I've done a bit of research looking into dust collection products. I currently have a 14gal shop vac that would work great with the "Dust Deputy". But I've heard there is a similar product out that uses the same idea but instead uses shop air instead of a shop vac. Has anyone here heard of anything such thing??? If so what is it called and where could I pick one up?


----------



## DanKrager (Apr 13, 2012)

You won't regret the dust deputy. You can even make your own very effectively and simply. 
Here is the ultimate source: (yes, he's got an axe to grind, but his experience is worth paying attention to.)
http://lumberjocks.com/ToddE/blog/1792
DanK


----------



## crank49 (Apr 7, 2010)

A venturi based vacuum uses compressed air, blowing through a perimeter slot in the throat of a venturi to entrap a larger volume of air and suck it through the venturi. In other words, a vacuum powered by compressed air with no moving parts. Yes they exist and they do work. Often used in large industrial applications where the sparky little universal motors of standard vacuums would be hazardous. Like for sucking oil and metal chips out of a sump under a machining operation.
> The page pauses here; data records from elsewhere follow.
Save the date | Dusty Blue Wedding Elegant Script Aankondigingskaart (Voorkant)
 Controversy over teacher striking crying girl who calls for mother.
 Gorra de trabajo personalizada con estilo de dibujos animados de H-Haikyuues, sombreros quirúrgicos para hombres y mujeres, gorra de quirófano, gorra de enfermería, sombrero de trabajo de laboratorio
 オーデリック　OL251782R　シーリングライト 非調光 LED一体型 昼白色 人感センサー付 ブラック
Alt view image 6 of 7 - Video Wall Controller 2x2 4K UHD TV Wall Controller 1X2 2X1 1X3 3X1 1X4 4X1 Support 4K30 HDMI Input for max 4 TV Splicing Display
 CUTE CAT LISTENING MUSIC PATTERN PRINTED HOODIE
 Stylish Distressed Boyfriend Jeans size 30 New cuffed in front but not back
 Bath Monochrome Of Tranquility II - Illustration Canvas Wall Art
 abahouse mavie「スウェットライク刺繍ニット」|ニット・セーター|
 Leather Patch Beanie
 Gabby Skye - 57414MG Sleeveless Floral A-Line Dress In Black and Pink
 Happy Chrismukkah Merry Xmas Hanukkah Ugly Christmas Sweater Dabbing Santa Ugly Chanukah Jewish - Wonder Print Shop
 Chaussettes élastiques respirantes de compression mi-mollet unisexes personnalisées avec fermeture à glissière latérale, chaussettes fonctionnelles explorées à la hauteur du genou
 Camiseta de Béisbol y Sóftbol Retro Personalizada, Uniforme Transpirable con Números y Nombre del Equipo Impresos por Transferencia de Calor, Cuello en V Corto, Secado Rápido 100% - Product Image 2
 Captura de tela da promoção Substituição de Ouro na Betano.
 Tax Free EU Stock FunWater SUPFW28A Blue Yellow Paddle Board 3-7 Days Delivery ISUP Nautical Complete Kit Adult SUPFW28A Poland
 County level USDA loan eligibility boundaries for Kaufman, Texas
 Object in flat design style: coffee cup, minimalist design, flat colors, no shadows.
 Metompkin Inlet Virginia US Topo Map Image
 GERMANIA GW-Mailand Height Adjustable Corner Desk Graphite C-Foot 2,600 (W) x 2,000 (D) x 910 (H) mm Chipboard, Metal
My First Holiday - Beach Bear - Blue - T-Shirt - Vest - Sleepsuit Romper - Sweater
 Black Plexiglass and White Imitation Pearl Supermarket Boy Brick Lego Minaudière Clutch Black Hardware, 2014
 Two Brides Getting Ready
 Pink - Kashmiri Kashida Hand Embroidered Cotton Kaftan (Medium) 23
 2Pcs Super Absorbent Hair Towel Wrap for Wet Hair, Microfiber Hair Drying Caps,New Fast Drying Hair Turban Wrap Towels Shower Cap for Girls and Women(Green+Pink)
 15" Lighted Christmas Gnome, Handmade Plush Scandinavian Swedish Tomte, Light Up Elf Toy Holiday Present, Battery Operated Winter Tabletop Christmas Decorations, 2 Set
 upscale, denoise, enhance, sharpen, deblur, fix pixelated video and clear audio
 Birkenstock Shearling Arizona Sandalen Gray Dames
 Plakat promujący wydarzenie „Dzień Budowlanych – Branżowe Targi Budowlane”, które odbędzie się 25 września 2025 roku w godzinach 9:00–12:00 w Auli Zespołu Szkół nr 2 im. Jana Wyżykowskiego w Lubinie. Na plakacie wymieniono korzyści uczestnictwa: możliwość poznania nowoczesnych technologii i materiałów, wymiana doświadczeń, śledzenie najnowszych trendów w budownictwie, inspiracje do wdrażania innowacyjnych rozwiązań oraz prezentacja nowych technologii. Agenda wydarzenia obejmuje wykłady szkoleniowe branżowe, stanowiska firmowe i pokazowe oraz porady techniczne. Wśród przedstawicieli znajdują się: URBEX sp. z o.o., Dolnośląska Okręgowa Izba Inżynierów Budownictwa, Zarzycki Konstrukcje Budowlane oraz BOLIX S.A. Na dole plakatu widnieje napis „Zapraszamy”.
They suck about 4 times more air than they use. So, to get a 150 CFM vacuum you need about 40 CFM of compressed air at 90 PSI. The problem is that would be like a 10 HP compressor. Still, even though they are not energy efficient, they do solve problems for specific applications.










Here is a like to McMaster Carr , one source for these machines.
http://www.mcmaster.com/#vacuum-cleaners/=kgs1gq


----------



## Eddy_1287 (Sep 16, 2012)

Thanks a lot for the information. I do have a pretty big compressor but definitely not one that makes 40 CFM. Mine only puts out 12.5. I still might try my hand at building one just to see it will work, but I guess that's probably my stubborn side talking.


----------